A motif within a work of art is closely connected to the questions that the work is trying to explore or the message that the work is trying to communicate. The novelist Kundera, for example, has a habit of titling his works after key motifs that appear within them (such as immortality). The motif grants a kind of thematic coherence to the work, and its recurrences also help clarify the meaning of the motif itself.  

What is a motif?

A motif is essentially a dominant idea that runs through an entire work of art. 

In a way, motif is to a work of art what trait is to a person: it is a recurring idea that is essential to the entire structure of the work of art.  

Examples

Here are a few examples for you of sentences that properly use the literary term motif. 

"It was not clear why the novelist repeatedly invoked the motif of death over the course of his novel—until, that is, the climax of the plot revealed that this motif was in fact crucial for what the story was trying to say."

"The author wanted to make use of the motif of revolution, but he did so in such a direct way that it degenerated into more or less a cliche: the reader almost felt that the real motif was irony about revolution instead."

"The lilting four-note motif recurred over all the movements of the symphony, transforming each time on the basis of the context of the surrounding music and themes."

In case you would still like further information about how to correctly use the term motif, here are a couple rules you can follow. 

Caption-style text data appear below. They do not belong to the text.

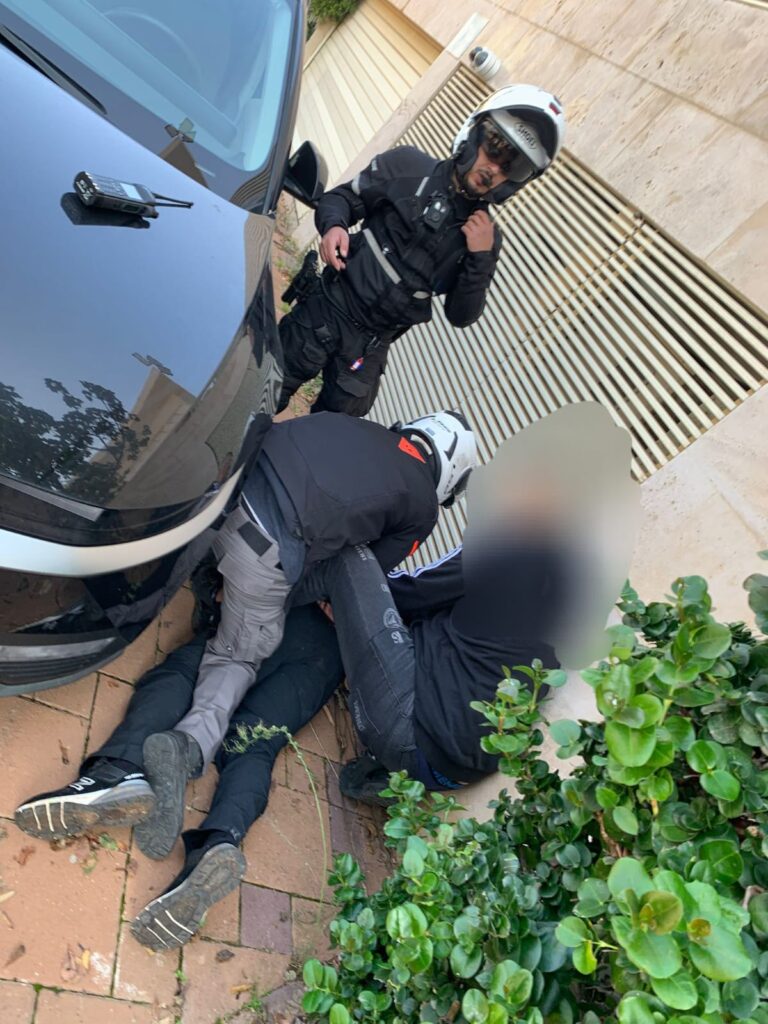 המשטרה עוצרת את הגנבים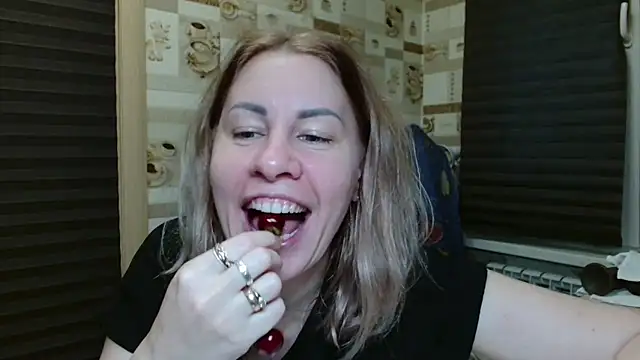 TherestlessKitty webcam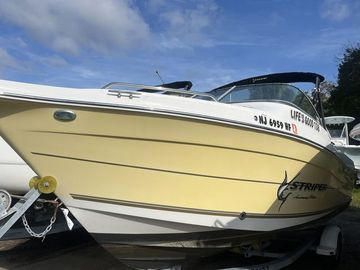2005 Seaswirl Striper 2101 DC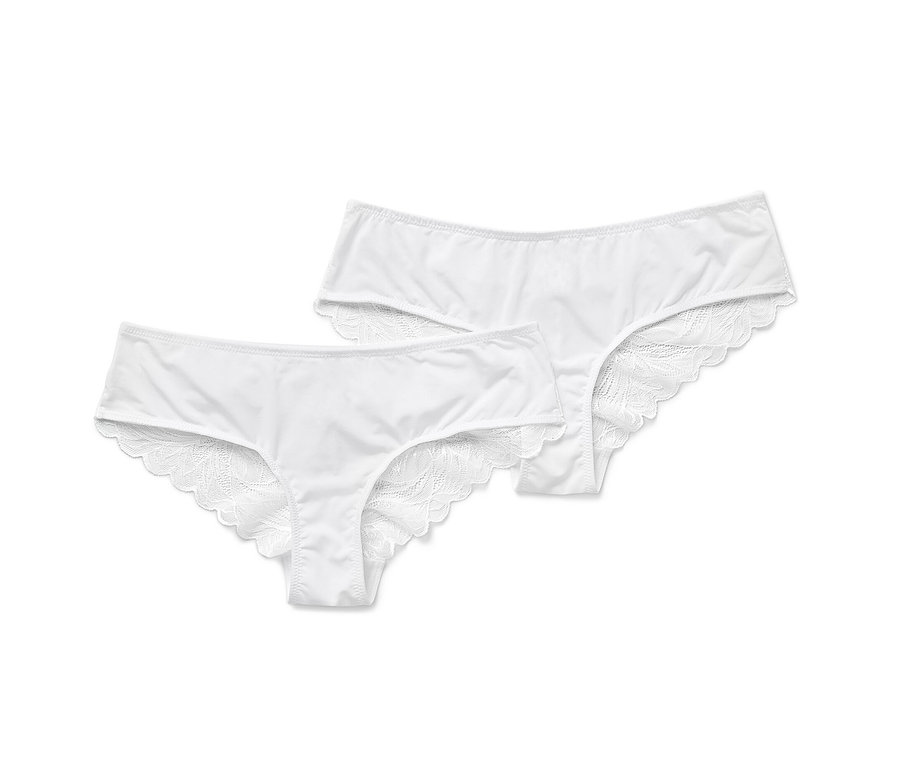 Zwei weiße Brazilslips mit Spitze liegen nebeneinander.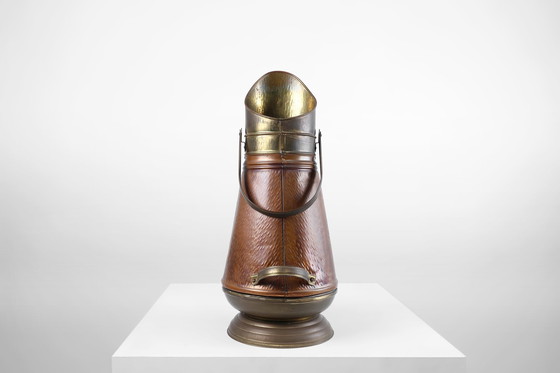 Image 1 of Porte-parapluies en cuivre avec relief martelé de Vermeer, France Ca. 1900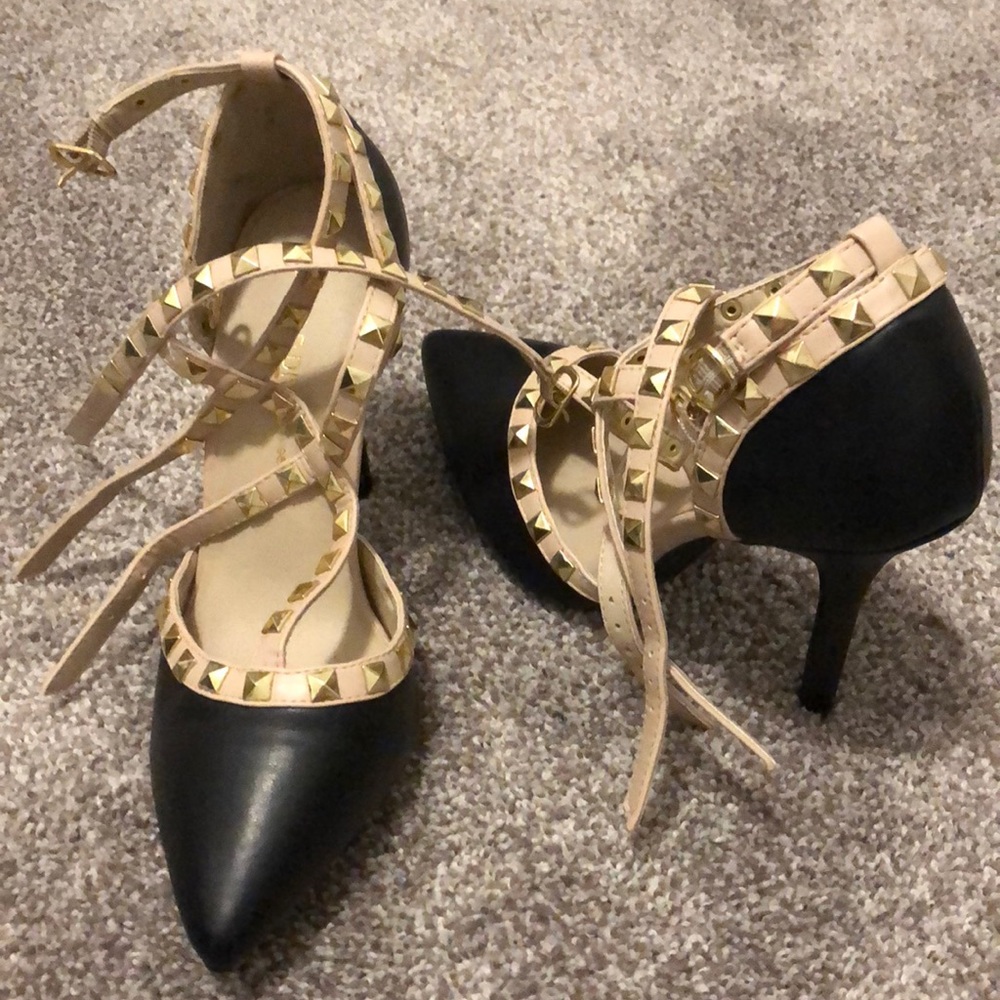Size 7 heels never worn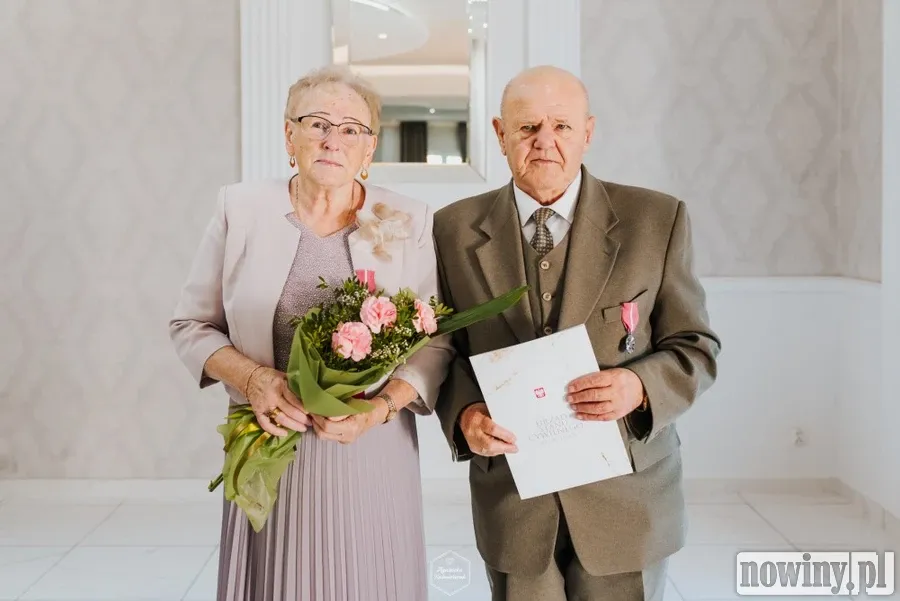Muzyka, emocje i piękny jubileusz – Złote Gody w Czyżowicach - zdjęcie 35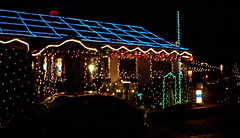 DE - Bornheim - Weihnachtlich geschmücktes Haus in Merten
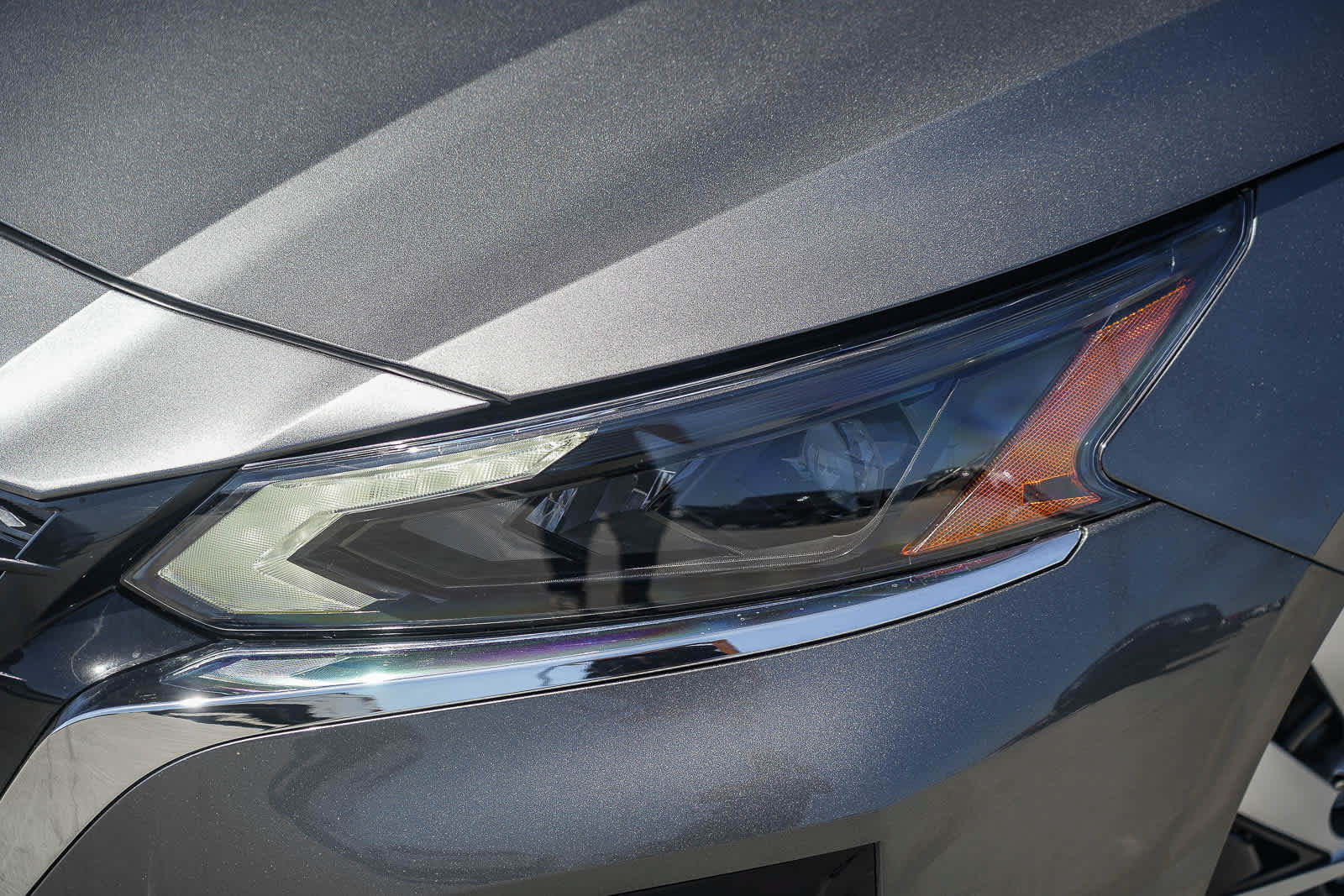 Used 2025 Nissan Altima 2.5 S FWD image 2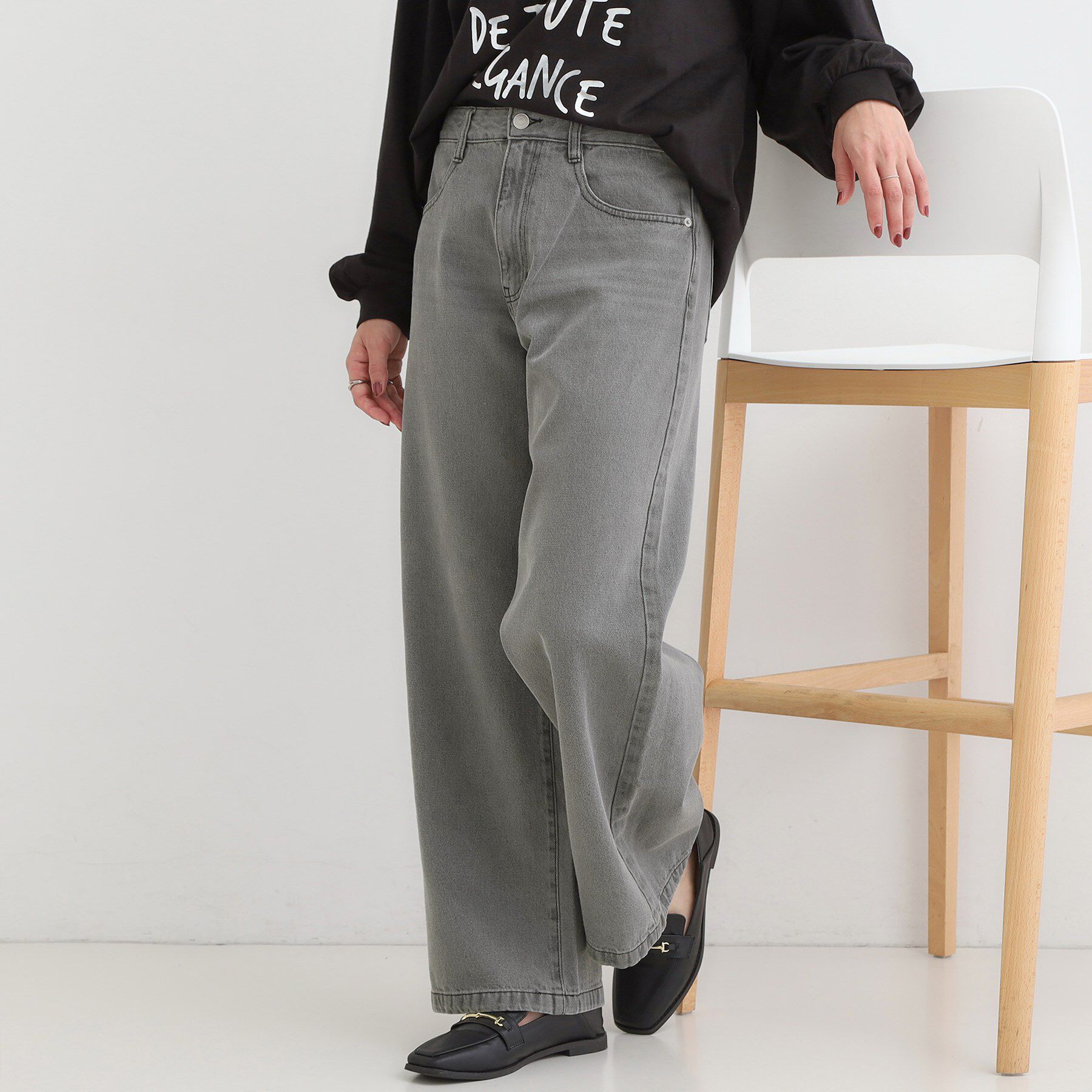 SHOO･LA･RUE「【S-LL】脚のラインを拾いにくい デニムワイドパンツ」|デニム|チャコールグレー(0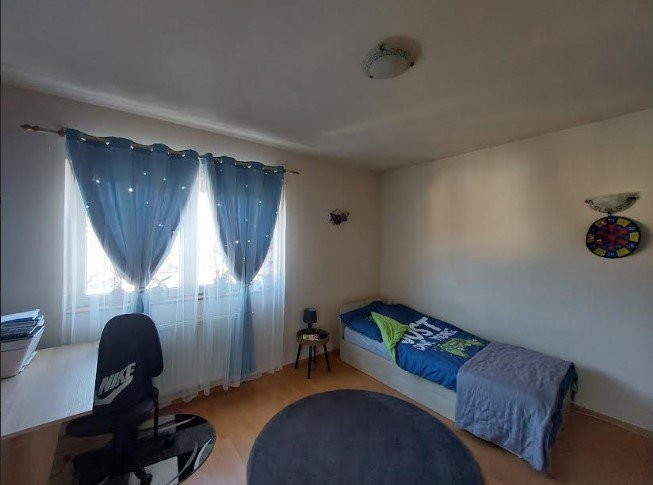 Duplex de vanzare, 96 mp utili, teren 378 mp, Gilau Vest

1. A motif is a dominant idea; but this idea can take different forms of expression, depending on the medium in question. For example, a motif in literature may consist of a concept; in music, the motif may consist of a phrase of notes; in architecture, it may consist of certain characteristic designs; and so on. In short, "idea" must be interpreted broadly, here, since the expression of a motif does depend on the artistic medium in question. 

2. Motif is closely related to the literary term theme. In fact, they are sometimes even synonymous. If a distinction is to be made, though, it can be suggested that a motif is relatively more concrete and specific: one must be able to identify a motif every time it arises within a work of art, whereas a theme may have a more abstract influence on the structure of a work. 

Additional Information

The concept of motif is tied to the basic nature of artistic creation. When an artist feels moved to produce something, he also automatically seeks to produce a work "about" something. Motif simply refers to these basic themes that inspire an artist in the first place and then find further concrete expression in his works themselves. For example, a given writer may produce because he is obsessed with the problem of alienation; and as a result, alienation (and its overcoming) may become an important motif in the work he produces. 

Motif is one of the ways that a work of art (and especially a modern work of art) can be held together. For example, Broch's novel The Sleepwalkers contains several heterogeneous elements, several of which are not linearly connected with each other in terms of plot. However, the various sections share a common motif, which serves to provide the work with an aesthetic coherence and unity in the eyes of the reader.